> [Brief]: Range to copy from the entries below: the line containing "240 S Bailey Avenue, Fresno, CA 93727" through the line containing "Picknickset van staal", inclusive. Retype only those lines, exactly, without any images.

> [Source material]:
- - -
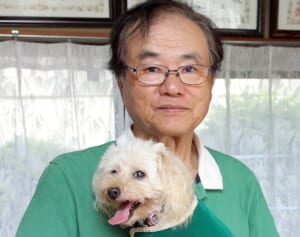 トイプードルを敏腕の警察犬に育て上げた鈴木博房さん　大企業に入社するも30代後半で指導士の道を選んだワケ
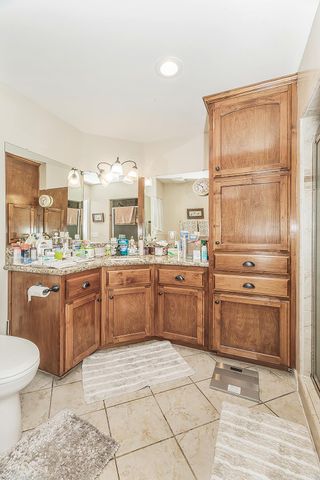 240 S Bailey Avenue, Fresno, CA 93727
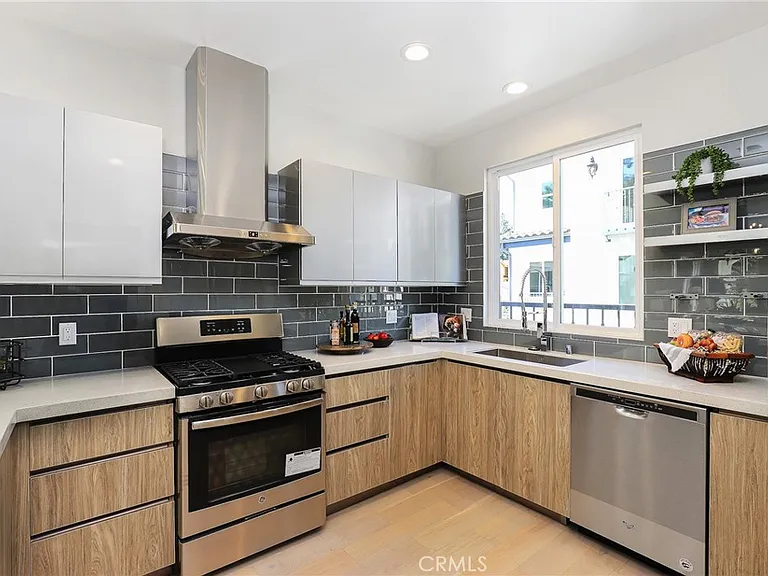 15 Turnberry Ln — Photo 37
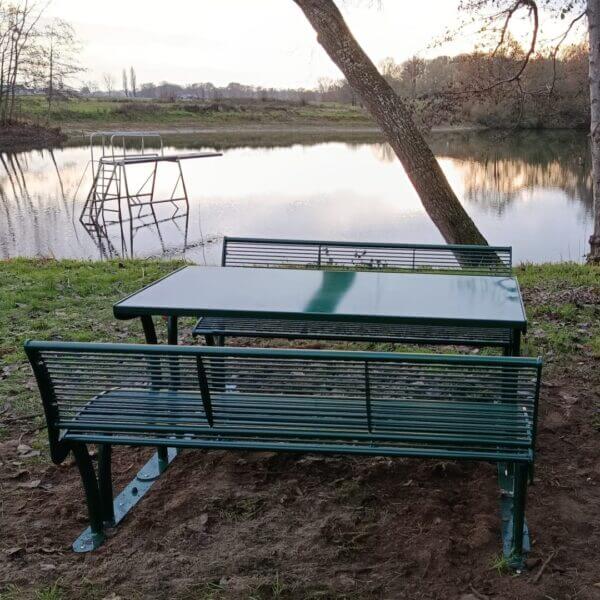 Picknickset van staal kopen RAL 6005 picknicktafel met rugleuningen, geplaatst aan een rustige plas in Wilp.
- - -
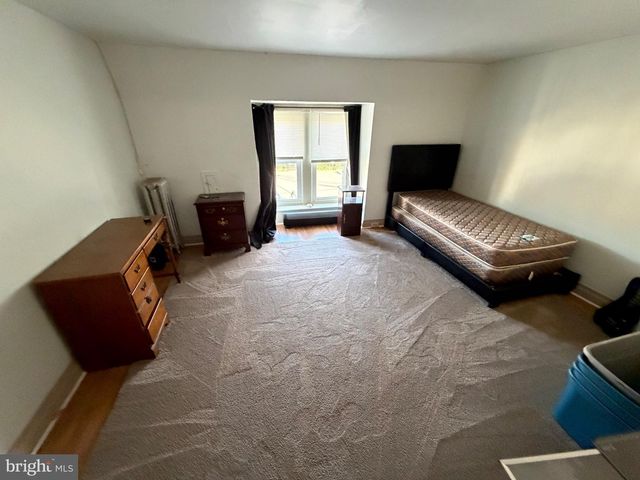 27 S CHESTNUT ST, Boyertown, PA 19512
- - -
> [Exercise answer]:
 240 S Bailey Avenue, Fresno, CA 93727
 15 Turnberry Ln — Photo 37
 Picknickset van staal kopen RAL 6005 picknicktafel met rugleuningen, geplaatst aan een rustige plas in Wilp.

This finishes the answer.